Even many of those often labeled as deists — Washington, Franklin, Adams, Jefferson, Madison, and Alexander Hamilton — do not fit the standard definition of deism, which asserts that after creating the world, God has had no more involvement with it. Deism views God as a transcendent first cause who is not immanent, triune, fully personal, or sovereign over human affairs. All of these founders, however, repeatedly discussed God’s providence and frequently affirmed the value of prayer. Their conviction that God intervened in human affairs and directed history has led some scholars to call these founders “warm” or “enlightened” deists, but these terms seem like oxymorons. A better label for their position is theistic rationalism….Those espousing this perspective believed in a powerful, benevolent Creator who established the laws by which the universe operates. They also believed that God answered prayer, that people best served Him by living a moral life, and that individuals would be rewarded or punished in the afterlife based on their earthly deeds. Only a few founders, most notably Thomas Paine and Ethan Allan, can properly be called deists.

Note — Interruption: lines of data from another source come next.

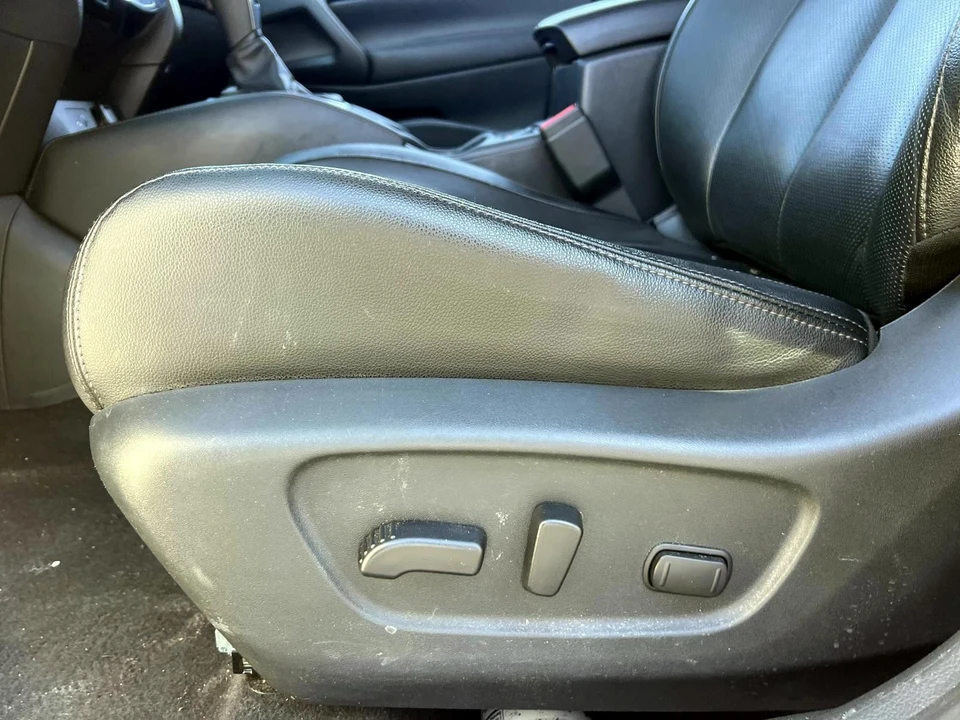 2019 Nissan Rogue - Image 11 of 21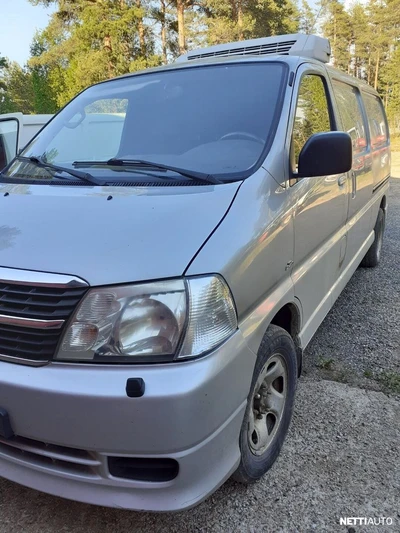 Toyota Hiace 2,5 D-4D 4WD 117 5ov pitkä 2011, photo 3/4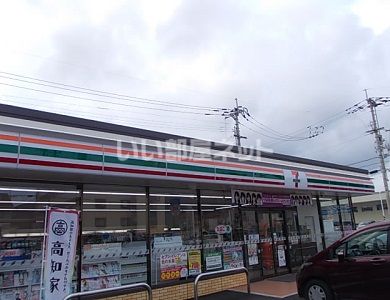 コンビニ　セブンイレブン 高知瀬戸南町1丁目店（コンビニ）まで649m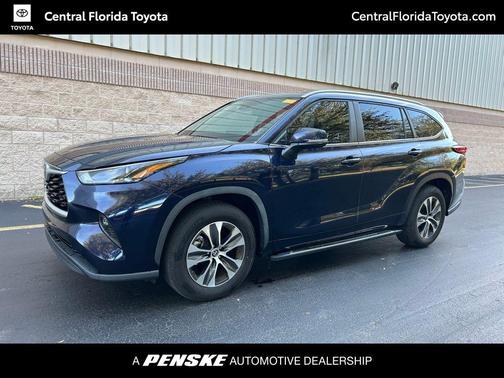 2023 Toyota Highlander XLE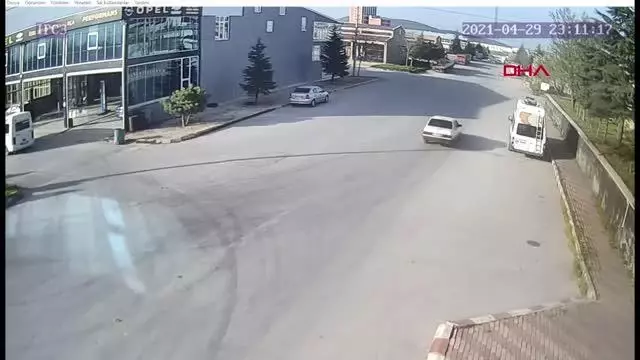 Kısıtlamada sanayi sitesinde drift kamerada Kısıtlamada sanayi sitesinde drift kamerada
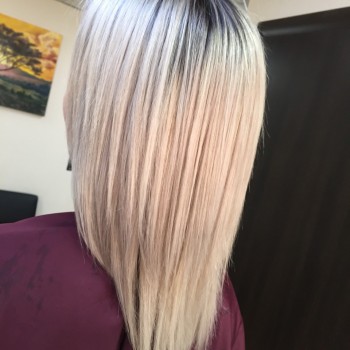 Художественное окрашивание волос
                    Перукар-колорист Алина Київ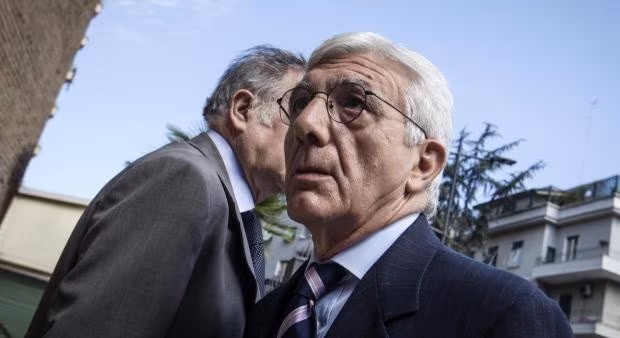 L'ex capo della Polizia Gianni De Gennaro arriva ai funerali del senatore a vita Emilio Colombo nella chiesa di Santa Emerenziana, Roma, 26 giugno 2013. ANSA/ANGELO CARCONI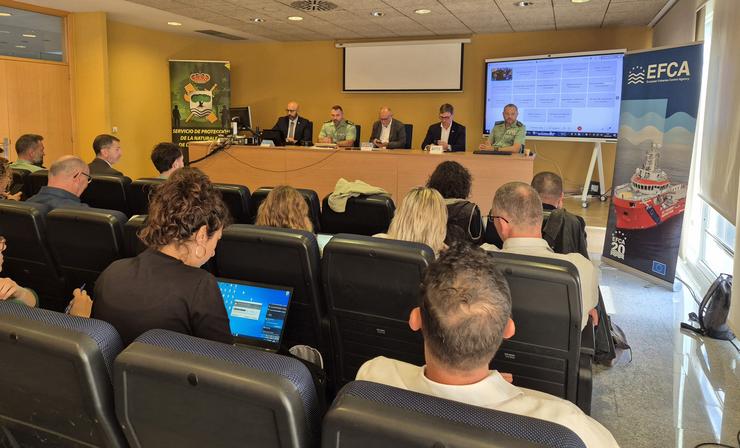 Reunión anual de loita contra o tráfico de angulas. GARDA CIVL 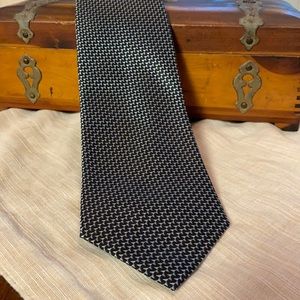 Geoffrey Beene 100% silk tie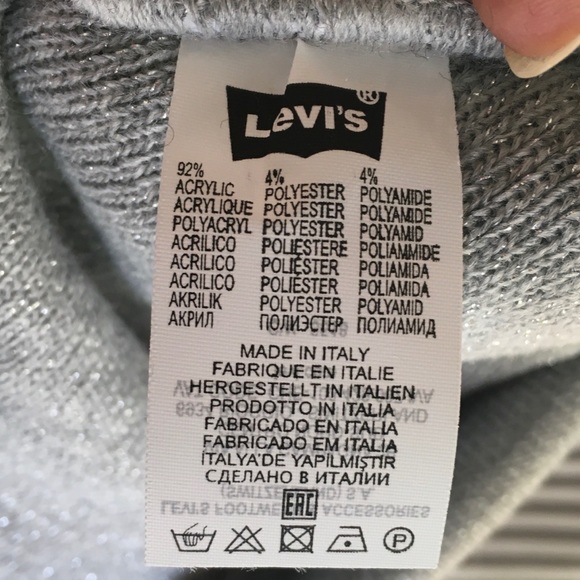 ❤️4/30❤️ Levi’s beanie - Picture 4 of 4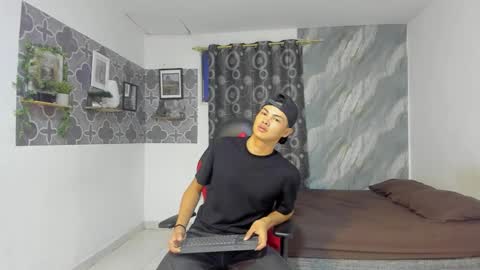 son_hades online show from 02/28/26, 04:24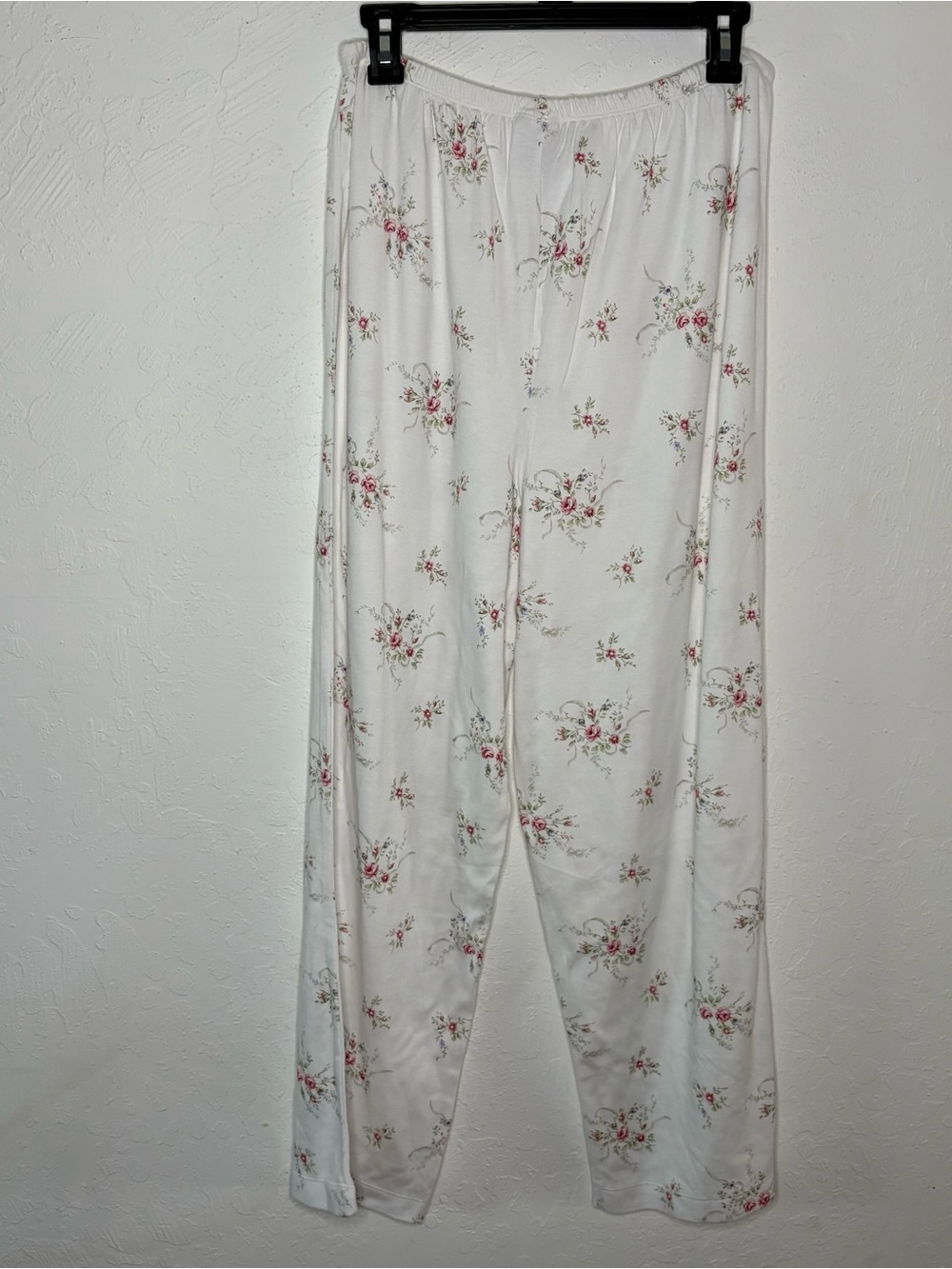 NWT Go Softly 2 Pc Floral Roses Pajama Set Mismatched Size M Top L Pants Cotton - Picture 15 of 16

Despite their theological differences, virtually all the founders maintained that morality depended on religion (which for them meant Christianity). They were convinced that their new republic could succeed only if its citizens were virtuous. For both ideological and pragmatic reasons, the founders opposed establishing one denomination as a national church. However, they provided public support of Christianity through various means, including establishing Christian denominations at the state level, passing state laws restricting public office holding to Christians and punishing blasphemy, issuing proclamations of thanksgiving to God and calls for fasting, using federal money to finance missions to Indians, and permitting Christian congregations to use governmental facilities, both at the state and federal level, for their worship services.

While we must be careful not to overstate the role of religion in the founding of our nation and the Christian convictions of the founders in textbooks or public discourse, the tendency in many scholarly circles has been to ignore or discount these matters.

*Over the past few years, the Tribune has carried numerous op-eds from Stone:

Laurie Higgins
Laurie Higgins was the Illinois Family Institute’s Cultural Affairs Writer in the fall of 2008 through early 2023. Prior to working for the IFI, Laurie worked full-time for eight years...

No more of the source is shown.